Vive dénonciation du traitement des détenus dans les prisons et du fonctionnement de la justice, Luke la main froide est aussi le portrait juste et sensible d’un incompris (magistralement interprété par Paul Newman) et de ses rapports biaisés et sans issue avec son entourage.
Synopsis de Luke la main froide
Surpris par la police en train de démonter des parcmètres dans une petite ville du Sud des États-Unis, Luke Jackson (Paul Newman) est condamné à deux ans d’emprisonnement et envoyé dans un camp de prisonniers en Floride, dirigé par un dénommé Captain (Strother Martin).
S’il n’adhère ni au comportement des gardiens et du directeur, ni aux règles souvent absurdes qui régissent la vie des détenus, Luke, bien que rapidement perçu comme un original, se tient plutôt tranquille – jusqu’à ce qu’une injustice de trop le pousse définitivement à se rebeller.
Critique du film
Luke la main froide, le premier film tourné pour le cinéma par Stuart Rosenberg (il avait alors travaillé uniquement pour le télévision, réalisant des téléfilms et épisodes de séries telles que La Quatrième dimension), est d’abord un roman de Donn Pearce – qui restera le plus célèbre de la carrière de son auteur -, adapté pour le grand écran par Pearce lui-même et Frank Pierson, remarquable scénariste qui signera plus tard, entre autres, le brillant scénario de Un Après-midi de chien, de Sidney Lumet.
Ce drame carcéral, à l’image des autres films du genre, jette un regard très critique sur la vie dans les prisons, et sur l’autorité – abusive – qui y est parfois exercée sur les détenus. Cette autorité est représentée dans le film par des personnages volontairement peu nuancés et ouvertement abjects (ce qui ne signifie pas qu’ils ne sont pas crédibles, hélas) : le directeur du camp, surnommé Captain (Strother Martin) – mesquin, cynique et brutal à souhait -, mais aussi les gardiens et notamment Boss Godfrey (Morgan Woodward). Ce dernier est particulièrement intéressant car il est le moins humain, le plus symbolique : muet pendant tout le film, flanqué de lunettes noires qui ne laissent rien transparaître de son regard, il est l’incarnation même d’une autorité inhumaine, brutale, aveugle, déviante même. Impossible de communiquer avec cet homme (He just said something
, dit ironiquement Luke après que Godfrey ait tiré un coup de feu) qui, alors qu’il est censé représenter l’ordre, s’avère être un psychopathe bien plus dangereux que les prisonniers qu’il surveille – en cela réside d’ailleurs une partie de l’ironie de l’histoire. Stuart Rosenberg le filme de manière bien particulière, dirigeant souvent sa caméra uniquement sur le ceinturon, les cartouches, le revolver, les lunettes, afin de réduire volontairement le personnage à une pure image de dureté et de violence, au sein de laquelle ne transparait aucune humanité. Le gros plan sur le verre gauche de ses lunettes, vers le début du film, est un bon exemple du procédé : là où l’on pourrait vaguement apercevoir les yeux du gardien, on ne voit en réalité que le reflet de la carabine qu’il lève vers le ciel pour abattre un oiseau.

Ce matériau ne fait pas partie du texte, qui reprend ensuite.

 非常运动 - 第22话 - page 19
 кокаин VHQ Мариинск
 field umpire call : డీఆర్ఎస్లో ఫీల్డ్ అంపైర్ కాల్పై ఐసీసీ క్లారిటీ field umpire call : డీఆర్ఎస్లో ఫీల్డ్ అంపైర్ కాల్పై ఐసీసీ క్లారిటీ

Boss Godfrey (Morgan Woodward)
Francis Ford Coppola, dans le superbe Rusty James, mettra en scène un personnage par certains aspects comparable : celui du policier persécutant le Motorcyble boy (Mickey Rourke). A l’image de Godfrey, il ressemble plus à un symbole – celui d’un ordre brutal et borné – qu’à un individu à proprement parler.
Le film décrit le quotidien des prisonniers en insistant sur l’omniprésence de règles souvent absurdes, sur le travail harassant qu’ils doivent accomplir chaque jour et sur le manque de considération totale que leur témoignent le directeur et la majorité des gardiens. Sur une justice déréglée, aussi : le personnage principal écope de deux ans de prison pour avoir démonté des parcmètres et s’être saoulé sur la voie publique, ce qui, chacun en conviendra, est quelque peu excessif… Luke la main froide ne dénonce donc pas uniquement le fonctionnement des prisons, mais le principe même d’emprisonnement quand, manifestement, cette sentence n’est absolument pas adaptée à la situation.

George Kennedy
Le personnage de Luke est, davantage encore que dans le roman, au cœur du film. Loin d’être un dangereux délinquant, c’est avant tout un jeune homme perdu, désœuvré, qui souffre visiblement – comme le montre bien, et avec beaucoup de pudeur, la séquence où sa mère Arletta (Jo Van Fleet) lui rend visite – d’une enfance et d’une adolescence problématiques, marquées par l’absence d’un père. C’est aussi un héros de guerre, mais désabusé. Sa caractéristique principale est qu’il ne parvient pas à trouver un sens réel à sa vie. Il est sceptique quant à l’existence d’un dieu, ce qui, au regard des gardiens, est déjà suspect. Enfin, il semble ne craindre rien ni personne, non pas parce qu’il s’agit d’un dur à cuire, mais parce qu’il paraît détaché de tout.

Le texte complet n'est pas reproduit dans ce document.